* [Work request]
A verbatim copy of all entries is the expected output.

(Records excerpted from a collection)
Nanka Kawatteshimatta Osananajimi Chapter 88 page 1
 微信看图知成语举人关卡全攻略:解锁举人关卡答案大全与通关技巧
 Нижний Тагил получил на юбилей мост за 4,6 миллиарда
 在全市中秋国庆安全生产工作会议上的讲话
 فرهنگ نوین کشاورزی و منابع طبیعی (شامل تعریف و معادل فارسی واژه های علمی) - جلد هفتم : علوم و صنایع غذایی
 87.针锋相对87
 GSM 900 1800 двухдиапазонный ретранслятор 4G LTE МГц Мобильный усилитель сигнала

* [Reply to the exercise]
Nanka Kawatteshimatta Osananajimi Chapter 88 page 1
 微信看图知成语举人关卡全攻略:解锁举人关卡答案大全与通关技巧
 Нижний Тагил получил на юбилей мост за 4,6 миллиарда
 在全市中秋国庆安全生产工作会议上的讲话
 فرهنگ نوین کشاورزی و منابع طبیعی (شامل تعریف و معادل فارسی واژه های علمی) - جلد هفتم : علوم و صنایع غذایی
 87.针锋相对87
 GSM 900 1800 двухдиапазонный ретранслятор 4G LTE МГц Мобильный усилитель сигнала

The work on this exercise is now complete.